Il termine "BtoBtoC" si riferisce a un modello di business in cui un'azienda vende prodotti o servizi ad altre aziende, che poi li rivendono ai consumatori finali. In questo modo si crea un canale indiretto tra l'azienda e il consumatore.

Esempi: un produttore di elettronica che vende i suoi prodotti ai rivenditori che poi li offrono ai consumatori, o una piattaforma online che mette in contatto i fornitori di servizi con i consumatori, o la vendita di prodotti alimentari in un supermercato (dal punto di vista dei marchi nazionali).

Il BtoB e il BtoC rientrano nelle vendite dirette e il BtoBtoC nelle vendite indirette.

BtoB e BtoBtoC - Vendite dirette e indirette

Inoltre, nell'uso comune, "to" è talvolta sostituito da "2": 

  • BtoB = B2B ;
  • BtoC = B2C ;
  • BtoBtoC = B2B2C.

Le vendite BtoBtoC e quelle indirette potrebbero essere considerate la stessa cosa. Tuttavia, c'è una sottigliezza nelle transazioni. In un modello BtoBtoC, l'azienda intermediaria ha già acquistato il prodotto o il servizio prima di venderlo al singolo.
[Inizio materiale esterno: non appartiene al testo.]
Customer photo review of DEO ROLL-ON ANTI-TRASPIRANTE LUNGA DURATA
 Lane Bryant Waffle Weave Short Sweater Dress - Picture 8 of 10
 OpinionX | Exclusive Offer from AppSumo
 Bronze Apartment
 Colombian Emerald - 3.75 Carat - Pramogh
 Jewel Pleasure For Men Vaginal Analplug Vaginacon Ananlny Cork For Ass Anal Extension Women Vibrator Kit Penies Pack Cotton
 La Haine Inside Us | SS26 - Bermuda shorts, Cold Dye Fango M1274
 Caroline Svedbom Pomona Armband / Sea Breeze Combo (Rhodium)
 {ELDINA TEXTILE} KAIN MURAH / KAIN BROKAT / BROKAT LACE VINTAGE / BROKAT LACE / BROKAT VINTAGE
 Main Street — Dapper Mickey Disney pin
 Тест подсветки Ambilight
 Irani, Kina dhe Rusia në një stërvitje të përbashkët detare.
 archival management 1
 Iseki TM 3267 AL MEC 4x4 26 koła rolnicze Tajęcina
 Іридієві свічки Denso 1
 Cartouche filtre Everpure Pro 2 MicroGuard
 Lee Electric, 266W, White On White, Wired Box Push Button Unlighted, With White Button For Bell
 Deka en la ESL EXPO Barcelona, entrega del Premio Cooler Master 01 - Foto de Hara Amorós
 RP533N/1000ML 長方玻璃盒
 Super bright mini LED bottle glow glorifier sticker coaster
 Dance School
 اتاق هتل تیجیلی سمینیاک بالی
In questo senso, alcuni modelli di vendita indiretta, come le vendite in deposito o altre forme di commercio come l'affiliazione, non sono necessariamente BtoBtoC in senso stretto.

Infine, se l'azienda Y trasforma il prodotto dell'azienda X per vendere un nuovo prodotto a Z, non stiamo parlando di BtoBtoC (vendite indirette), ma di due modelli consecutivi: BtoB, poi BtoC.

💡 Risorse utili per la vendita al dettaglio

Se state pensando di vendere i vostri prodotti nei supermercati, probabilmente vorrete capire tutto quello che c'è da sapere sulla vendita nei supermercati o su come ottenere i vostri prodotti dalle catene di supermercati.